وَوَصَّيْنَا الْاِنْسَانَ بِوَالِدَيْهِ اِحْسَانًاۗ حَمَلَتْهُ اُمُّهٗ كُرْهًا وَّوَضَعَتْهُ كُرْهًاۗ وَحَمْلُهٗ وَفِصٰلُهٗ ثَلٰثُوْنَ شَهْرًاۗ حَتّٰىٓ اِذَا بَلَغَ اَشُدَّهٗ وَبَلَغَ اَرْبَعِيْنَ سَنَةًۙ قَالَ رَبِّ اَوْزِعْنِيْٓ اَنْ اَشْكُرَ نِعْمَتَكَ الَّتِيْٓ اَنْعَمْتَ عَلَيَّ وَعَلٰى وَالِدَيَّ وَاَنْ اَعْمَلَ صَالِحًا تَرْضٰىهُ وَاَصْلِحْ لِيْ فِيْ ذُرِّيَّتِيْۗ اِنِّيْ تُبْتُ اِلَيْكَ وَاِنِّيْ مِنَ الْمُسْلِمِيْنَ
“Kami perintahkan kepada manusia supaya berbuat baik kepada dua orang tuanya, ibunya mengandungnya dengan susah payah, dan melahirkannya dengan susah payah (pula).
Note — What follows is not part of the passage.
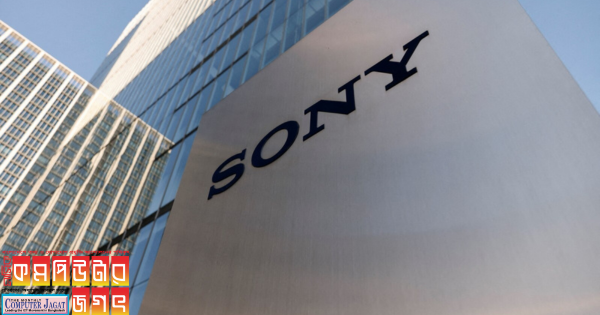 রাশিয়া থেকে ব্যবসা গুটিয়ে নিয়েছে পশ্চিমা কোম্পানি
Mengandungnya sampai menyapihnya adalah tiga puluh bulan, sehingga apabila dia telah dewasa dan umurnya sampai empat puluh tahun ia berdoa: “Ya Tuhanku, gerakanlah aku untuk mensyukuri nikmat Engkau yang telah Engkau berikan kepadaku dan kepada ibu bapakku dan supaya aku dapat berbuat amal yang saleh yang Engkau ridhai; berilah kebaikan kepadaku dengan (memberi kebaikan) kepada anak cucuku. Sesungguhnya aku bertaubat kepada Engkau dan sesungguhnya aku termasuk orang-orang yang berserah diri.” (QS Al-Ahqaf:15)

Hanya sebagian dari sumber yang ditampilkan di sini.